そして該案内板は、海苔を、該入口ローラーの駆動ローラーと従動ローラー間の接線位置から、該出口ローラーの駆動ローラーと従動ローラー間の接線位置に向け、直線的にガイドすること、を特徴とする。
請求項4については、次のとおり。
請求項4の海苔のローラー間搬送システムでは、請求項3において、該入口ローラーと出口ローラーとは、前後間隔が海苔の長さ未満よりなる。
そして該出口ローラーが、該吸引部にて吸引される海苔の前端部を挟み込んだ際、該入口ローラーが、挟み込んだ海苔の後端部を押し出すこと、を特徴とする。
【0011】
請求項5については、次のとおり。
請求項5の海苔のローラー間搬送システムでは、請求項2において、該吸引部は、該案内板の該出口ローラー寄りの位置に組み込まれている。そして、その吸引孔が、該案内板の上面と面一に開口していること、を特徴とする。
請求項6については、次のとおり。
請求項6の海苔のローラー間搬送システムでは、請求項5において、該入口ローラーおよび出口ローラーの該従動ローラーは、該駆動ローラー上に上下動可能に圧接された回転自在ローラーよりなり、複数個が左右に分割配置されている。
そして該吸引部は、複数個が該出口ローラーの各該従動ローラーの手前下に、それぞれ
対応配置されていること、を特徴とする。
請求項7については、次のとおり。
請求項7の海苔のローラー間搬送システムでは、請求項1において、該入口ローラーと出口ローラー間の前後間隔に、検査装置の光源とカメラが上下に配設されている。
該光源は、搬送される海苔を照射する。該カメラは、該光源からの照射光を海苔を介して受光する。該案内板は、照射光通過用の隙間を備えていること、を特徴とする。
【0012】
《作用等について》
本発明は、このような手段よりなるので、次のようになる。
(1)ローラー間搬送装置は、海苔を、入口ローラーから出口ローラーへと、搬送する。
(2)そして出口ローラーが、吸引部にて吸引された状態の海苔の前端部を、挟み込んだ際、入口ローラーが、挟み込んでいた海苔の後端部を押し出す。
(3)本発明に係る海苔のローラー間搬送システムは、このようなローラー間搬送装置に関し、案内板と吸引部を備えている。
(4)案内板は、海苔を、入口ローラーの駆動ローラーと従動ローラー間の接線位置に向け、直線的にガイドする。
(5)吸引部は、案内板の出口ローラー寄りに組み込まれており、吸引孔が案内板の上面と面一に開口している。
(6)もって吸引部は、海苔を案内板側へと吸引することにより、海苔の出口ローラーの接線位置への直線的挟み込みをフォローする。

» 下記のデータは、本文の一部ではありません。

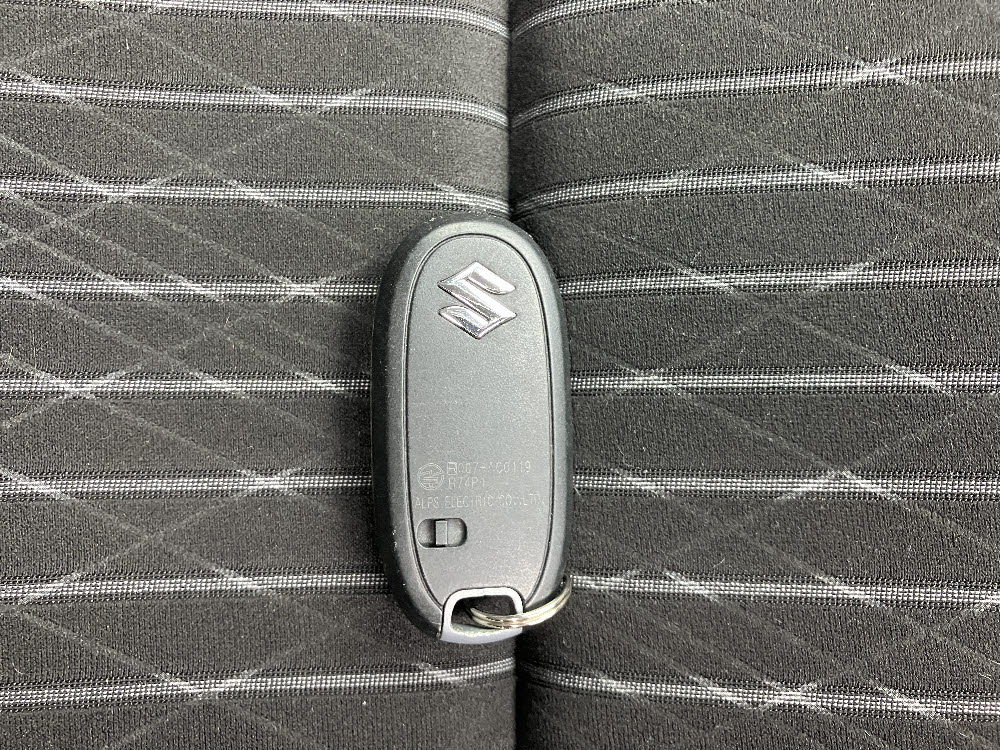 スズキ　アルトワークス　ベースグレード13枚目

海苔が案内板から離れ,外れないように、案内板へと吸引し、海苔は、出口ローラーの従動ローラーに当たることなく、抵抗なく接線位置に挟み込まれる。
(7)本発明に係る海苔のローラー間搬送システムは、このように作用するので、次のようになる。まず海苔が、ローラー間搬送装置の出口ローラーに、スムーズに挟み込まれるようになる。湾曲,浮き,バタツキ,その他の変形等が防止され、折曲,破損,詰まり等の不具合発生が回避される。

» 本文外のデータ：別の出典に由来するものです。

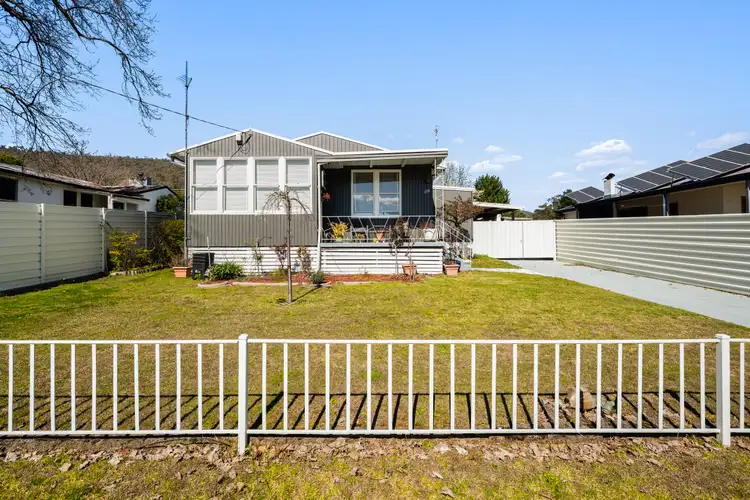 118 Lakeside Avenue, Mount Beauty VIC 3699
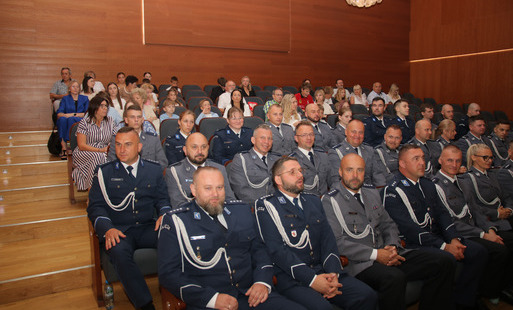 Funkcjonariusze z Pakości z awansami podczas Powiatowych Obchodów Święta Policji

(8)又、案内板を吸引部に組み込んだ構成よりなり、維持,保守,管理等も容易である。
(9)更に、検査区間搬送にも、支障なく適用可能である。検査装置の光源とカメラが上下に配設され、案内板に照射光通過用の隙間が形成されるが、案内板への吸引部の組み込みは、支障なく可能である。
【発明の効果】
【0013】
《第1の効果》
第1に、海苔が出口ローラーにスムーズに挟み込まれる。
本発明に係る海苔のローラー間搬送システムは、ローラー間搬送装置について、案内板に吸引部を組み込んだことを、特徴とする。もって海苔が、出口ローラーの接線位置へと、直線的に確実にガイドされスムーズに挟み込まれる。
前述したこの種従来例のローラー間搬送装置のように、搬送される海苔について、湾曲,浮き,バタツキ,その他の変形等を生じることは、防止される。上下にズレて不良化,不安定化することもなくなる。

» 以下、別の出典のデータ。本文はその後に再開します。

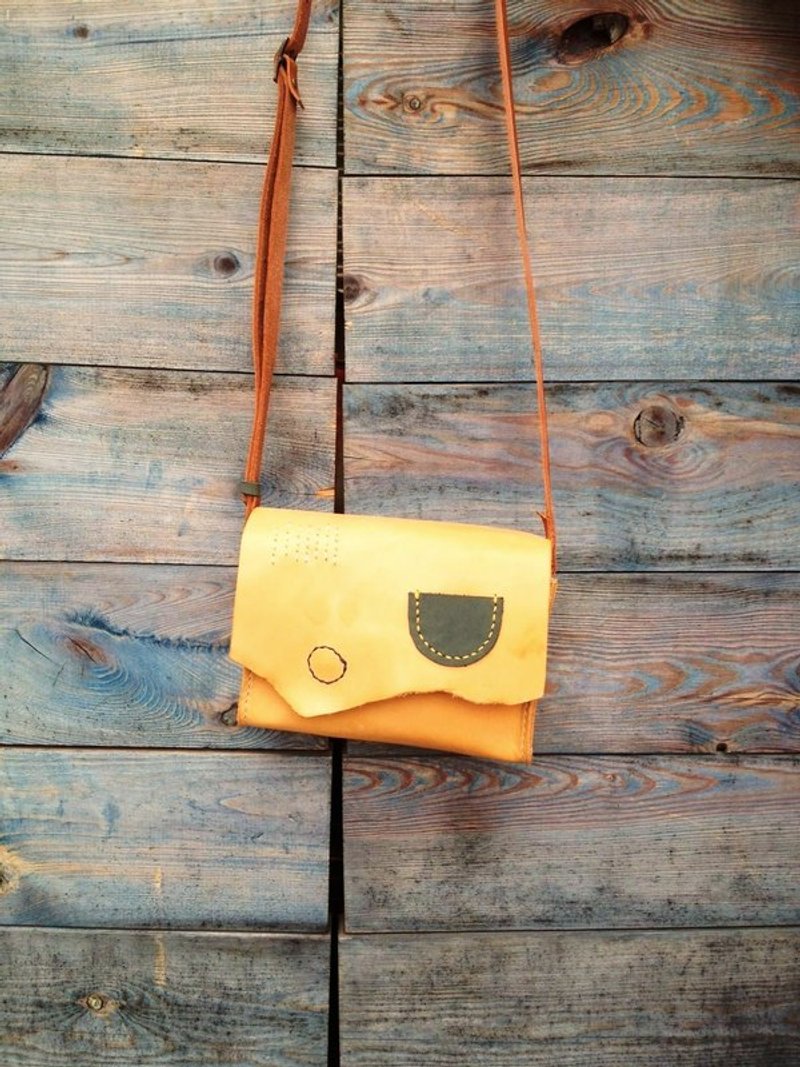 嬷嬷皮革肩背包 - 侧背包/斜挎包 - 真皮 金色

もって、折曲,破損,詰まり等の不具合が発生することはなく、海苔が、出口ローラーの駆動ローラーと従動ローラー間の接線位置に、スムーズに挟み込まれる。
【0014】
《第2の効果》
第2に、メンテナンスも容易である。
本発明に係る海苔のローラー間搬送システムは、ローラー間搬送装置の案内板に、吸引部を組み込んだ構成よりなる。もって、特に特殊なメンテナンスを要することもなく、維持,保守,管理等が容易である。
前述したこの種従来例のように、メンテナンスが煩わしいこともない。すなわち、上押え丸ベルトや上押えガイド板のように、搬送中に海苔が詰まった場合、取り出し,除去作業に手間取ることもない。丸ベルトの定期的交換作業を要することもない。
【0015】
《第3の効果》
第3に、検査区間搬送も問題なく可能である。
検査区間では、入口ローラーと出口ローラー間に、検査装置の光源とカメラが上下に配設され、案内板に照射光通過用の隙間が形成される。
このような検査区間搬送にも、本発明に係る海苔のローラー間搬送システムは、支障なく適用可能である。吸引部は、案内板の出口ローラー寄りに、支障なく組み込み可能である。上押え丸ベルトや上押えガイド板を設置する前述したこの種従来例のように、設置に支障が存することもない。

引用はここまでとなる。